Work has begun on the connector road between Church and Otter Point Roads.

Work has begun on the connector road between Church and Otter Point Roads.

New connector road draws comments

Bypass route through downtown Sooke on district agenda

Not everyone who came to the January 13 Committee of the Whole meeting to hear about the new connector road was happy with the design.

The connector is a $2,581,311 project to link Church and Otter Point Road in stage one of a multi-staged road network which will eventually provide a through road from Phillips Road to West Coast Road. The connector road and the trails have been identified in the 2009 Transportation Master Plan and the Parks & Trails Master Plan. A multi-use trail is already in place along Church Road. This first stage is expected to be complete by September 2014.

“We are trying to shift vehicular traffic off Sooke Road and take some pressure off the downtown core, that’s the idea,” said Mayor Wendal Milne.

One of the issues was the number of intersections along this section of the connector.

Peter Ferguson, of McElhanney Consulting Services Ltd., stated there would be a multi-use trail on the south side and a sidewalk on the north side of the connector road. A round-about would eventually be located at the intersection of Otter Point and Grant Roads.

Other concerns included safety issues such as; sight lines on the hill on Townsend Road, sun in the eyes of drivers during the winter months, lack of push-buttons at crosswalks and cyclists on the road rather than on the multi-use trail.

A couple of residents came forward and asked that no through road be punched in from Anna Marie Road and it be left as is with its cul-de-sac.

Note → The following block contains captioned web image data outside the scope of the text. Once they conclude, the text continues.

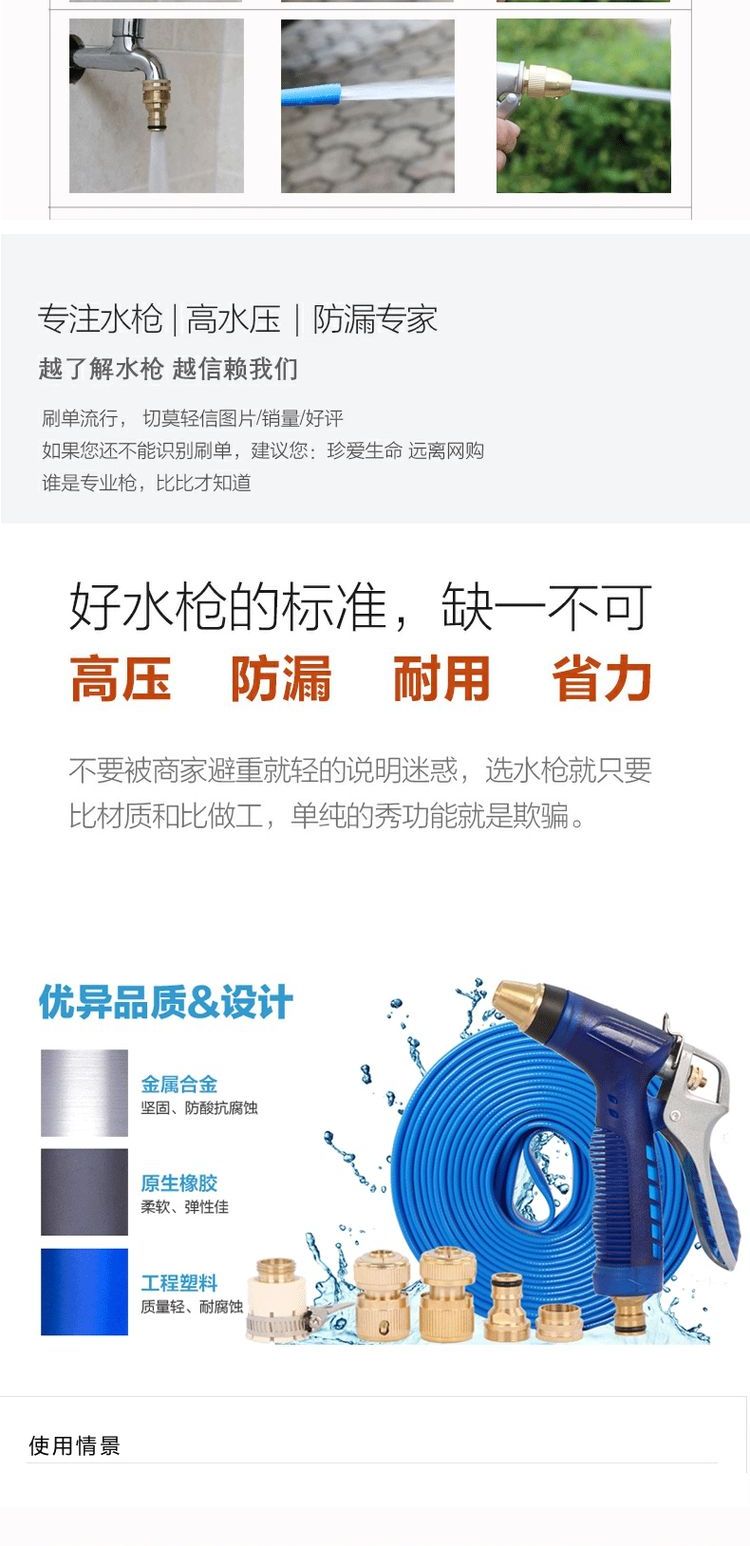 Xe cao áp rửa xe hơi nước súng đồng hộ gia đình phun súng phun nước vòi vòi bàn chải xe hơi cung cấp vành đai nước chống đông - Sản phẩm làm sạch xe chổi rửa xe ô tô cán dài
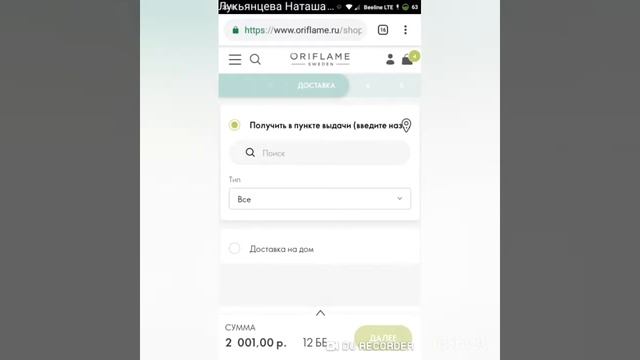 Оформление заказа с телефона Oriflame смотреть онлайн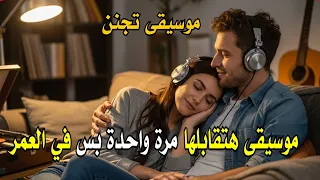 موسيقى هتقابلها مرة واحدة بس في حياتك اجمل واحلى واروع الالحان Music 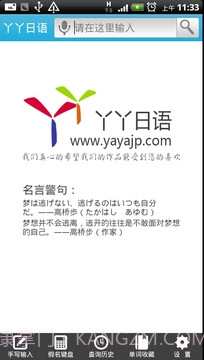 丫丫日语词典截图1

Councillor Rick Kasper wanted to see less crosswalks, the multi-use trail on the north side of the road and local bidders to reduce the carbon footprint.

Other issues already mentioned were brought up by council and in the end Mayor Milne said, “and that’s where our democratic opinions differ.”

Ferguson answered most of the questions that were posed by council and the residents. He said pedestrians would get the “highest priority” in deliberations. Crosswalk warning signs would be in place as well as  lighting and a boulevard between the pedestrians and the traffic. As the project is still in the design phase, amendments could still be made.

The report was accepted and a further report will be presented to council on options on cost and what to do on Townsend Road.

Council gave instructions for the consultants to get on with the design and the cost estimates.